Menjauhi Fanatisme Individu, Madzhab dan Golongan (Komunitas)
Seorang muslim akan mampu bersikap ikhlas sepenuhnya kepada Allah dan senantiasa berpijak kepada kebenaran jika ia dapat membebaskan dirinya dari fanatisme terhadap pendapat individu, madzhab, ataupun golongan. Ia tidak mengikat dirinya kecuali dengan dalil-dalil yang menguatkannya, ia akan segera mengikutinya sekalipun bertentangan dengan madzhab yang dianutnya atau perkataan imam yang dikaguminya atau golongan yang ia berafiliasi kepadanya.
Seorang muslim yang konsisten dalam mengikuti madzhab tertentu, maka sikap fanatisme ini tidak akan pernah terjadi, karena ia benar-benar telah mengamalkan pesan-pesan serta ajaran Imam-imam madzhab mereka. Imam Abu Hanifah contohnya, beliau pernah berpesan;
إذا قلت قولا يخالف كتاب الله تعالى وخبر الرسول صلى الله عليه وسلم فاتركوا قولي
“Apabila aku mengatakan sesuatu perkataan (pendapat) yang menyelisihi Al-Quran dan Sunnah Rasulullah maka tinggalkanlah perkataanku tersebut”.

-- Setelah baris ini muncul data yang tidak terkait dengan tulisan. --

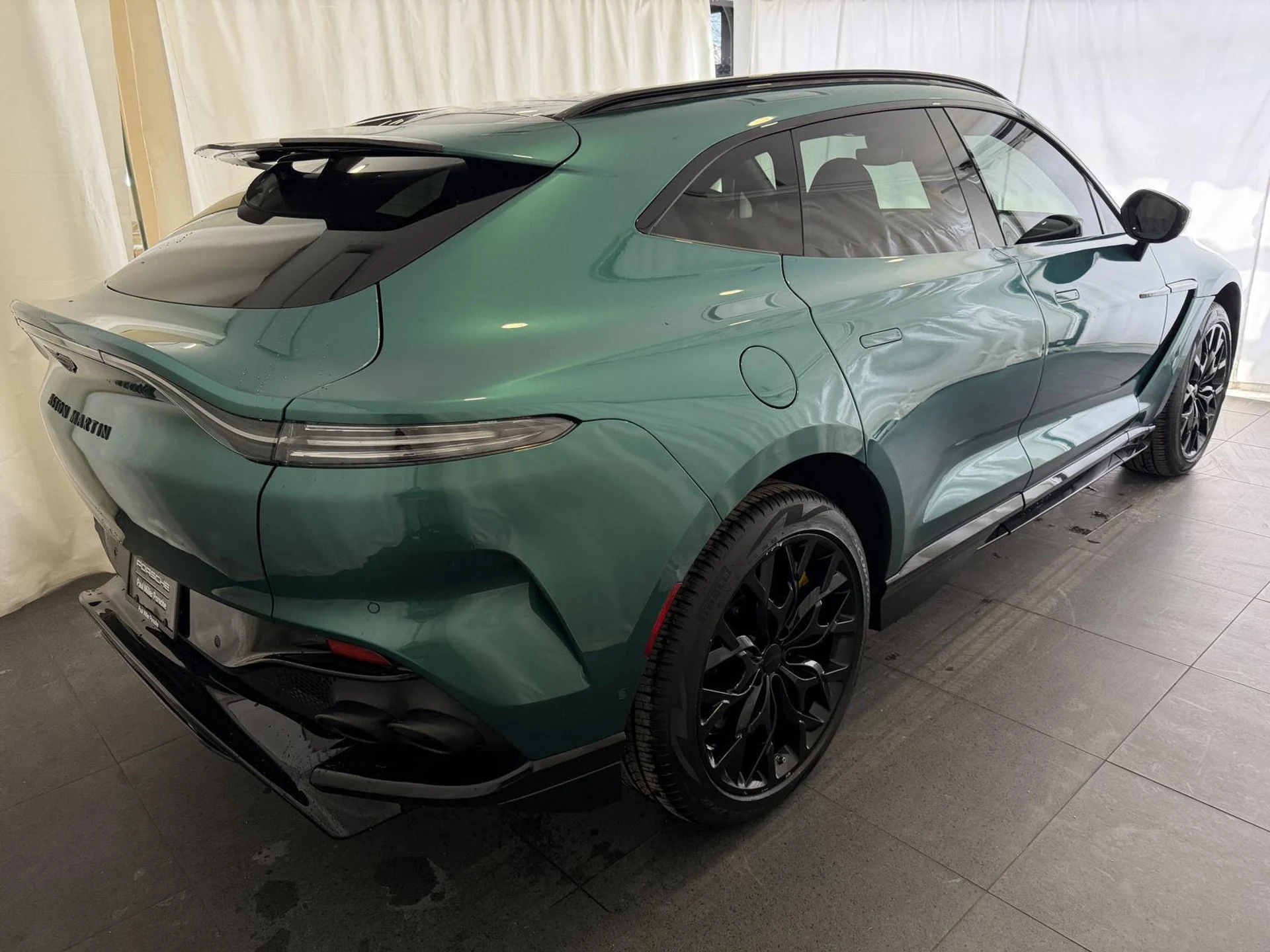 mph008_2889217373_715ba587218afad54e8ecef8879ade34x_6dfd67edf3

Imam Malik bin Anas pun pernah mengatakan hal yang sama yang dikutip oleh Ibnu Abdil Barr;
إنما أنا بشر أخطئ وأصيب فانظروا في رأيي فكل ما وافق الكتاب والسنة فخذوه وكل ما لم يوافق الكتاب والسنة فاتركوه
“Aku ini hanyalah manusia yang terkadang salah terkadang benar. Maka perhatikanlah pendapatku, setiap pendapat yang sesuai dengan Kitabullah dan Sunnah Nabi-Nya, maka ambillah. Dan yang tidak sesuai maka tinggalkanlah”.
Begitu pula Al Imam As Syafi’i pernah mengatakan hal yang serupa;
إذا وجدتم في كتابي خلاف سنة رسول الله صلى الله عليه وسلم فقولوا بسنة رسول الله صلى الله عليه وسلم ودعوا ما قلت
“Jika kalian menemukan dalam kitabku ada pendapat yang bertentangan dengan sunnah Rasulullah shallallahu ‘alaihi wa sallam, maka berkatalah sesuai sunnah tersebut, dan tinggalkanlah perkataanku".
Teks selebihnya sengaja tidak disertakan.